It isn’t easy serving two masters! People with multiple passions often struggle to find enough time to devote to both. Kids who are hungry to learn computer programming need ample time to study, experiment, and play with the code.
Coding is a discipline as open-ended as your skills and imagination. Once you grasp the fundamentals, kids can build things like their own games or custom Minecraft modifications. From there, it’s not long until they create basic websites or even design and work towards a rudimentary app.
But, like anything, it takes a while to get to the point where coders can create whatever enters their imagination. They need time to freely explore and roam, and this can be hard to find when they also need to juggle their responsibilities at school.
RP4K’s online coding courses guide them and teach them new skills, though that’s not the same thing as testing them out and experimenting. Parents have struggled to get their kids to embrace homework decades before online coding existed, so part of the challenge about finding the right balance between the two involves sticking to each one.
Still, here are some tips parents and students can use to help maintain a healthy balance between school and coding.
Like the great US jazz composer and band leader Duke Ellington said, “I don’t need time. What I need is a deadline.” It’s counterintuitive, but sometimes too much free time makes people less productive, not more. Kids get targets and goals from their schoolteacher concerning when homework and projects are due. It makes sense to implement this logic outside of school, too.
If a child is new to coding, it may be better not to pressure them. But for others, a deadline with a goal may help keep them on track. Make the goals flexible.
For example, keen students may decide to reach a certain phase in their game, website, or app as their goal. Novice students could set out to practice for two or three hours a week. These goals should be seen as directions to head towards rather than ironclad rules to follow.
Play is very important for kids, and they need different types. One school of thought claims modern parents hover over their young kids too much, and as a result, kids don’t get the same level of freedom and privacy to play as they did years ago. Parents just want to supervise! But their presence can interrupt how children might otherwise play, and this freedom to roam is key to their learning.
“Play” may seem to adults like frivolous fun. However, kids learn about many things that help their cognitive and emotional development, from social cues to lots more. Teenagers may struggle when integrating coding into a hectic schedule because they have a busy social and academic life, but play remains an important concept.
There’s a difference between the type of guided, structured coding students do in supervised programming sessions and what they do on their own.
If teens spend time alone refining and improving their coding skills, that’s excellent! It’s also not quite “play,” even if they enjoy it. Parents should consider that kids need time for homework, idle time with friends to hang out, and a third category in the middle where coding fits in.
Kids really improve as coders when they take it up in their spare time.

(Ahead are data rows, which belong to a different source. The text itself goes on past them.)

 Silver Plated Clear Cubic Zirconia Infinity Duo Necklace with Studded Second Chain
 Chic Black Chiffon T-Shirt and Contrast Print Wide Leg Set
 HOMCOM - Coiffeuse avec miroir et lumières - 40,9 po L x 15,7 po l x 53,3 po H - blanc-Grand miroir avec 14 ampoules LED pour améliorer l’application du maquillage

Play can be productive. If your child spends too much time coding and neglects their schoolwork, that’s different! They need to finish their homework.
But parents used to worry that too much “screen time” would rot their brains and make them slothful — learning to code is an active skill that prepares them for life in a digital world. The coding they’re “playing” with will prepare them for the future workforce and daily life in a digital world.

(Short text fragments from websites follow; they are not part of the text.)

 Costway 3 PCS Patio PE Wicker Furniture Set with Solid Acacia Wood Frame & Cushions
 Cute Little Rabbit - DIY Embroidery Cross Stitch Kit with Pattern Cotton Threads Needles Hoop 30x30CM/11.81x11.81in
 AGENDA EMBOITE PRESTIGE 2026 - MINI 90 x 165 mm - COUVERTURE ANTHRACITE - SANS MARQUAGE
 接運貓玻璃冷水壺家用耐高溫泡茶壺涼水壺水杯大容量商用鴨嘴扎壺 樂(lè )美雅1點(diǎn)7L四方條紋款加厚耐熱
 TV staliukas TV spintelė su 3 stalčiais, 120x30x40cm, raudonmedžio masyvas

More Ontario schools are incorporating coding in their curriculums. Computer class used to mean learning how to type. Much has changed.
Your child will find it much easier to balance coding and their schoolwork if that’s what they study in class. Imagine taking coding throughout the school year as an extracurricular in addition to learning programming as a core class.
In general, it’s good for kids and high school students to learn a range of subjects and get a broad range of exposure. The humanities, maths, and sciences are important. If your child has a strong interest in computer programming, there’s nothing wrong with focusing on it outside school.
Many kids take tutoring for subjects like math or literature outside school. This would be no different.
Kids learn much better when extracurricular activities for kids are structured and the sessions are small. RP4K limits class sizes to four, so there are at most three other students with your child.
Students have a much easier time balancing their schoolwork and coding sessions when they can absorb the material quickly and get all the support they need in a calm, structured atmosphere.
Our teachers study computer science and computer engineering at university. They grew up playing video games themselves! Their expertise and first-hand experience as a gamer are the perfect combo to launch young coders on a fun and fulfilling programming journey.
RP4K is free of classroom management issues that can arise when too many students are packed into a session. Our teachers and students get familiar with each other quickly, and they thrive in small, structured classroom environments.
There’s lots to learn and do in life, especially for young students. They need to socialize after school, work on their academics, and take up extracurriculars. This type of life can be stressful and may feel like you’re juggling many balls at once. But when the material you’re learning is vital to the world around you, exciting to learn, and taught in the right environment, kids can tackle it and manage to thrive outside as well.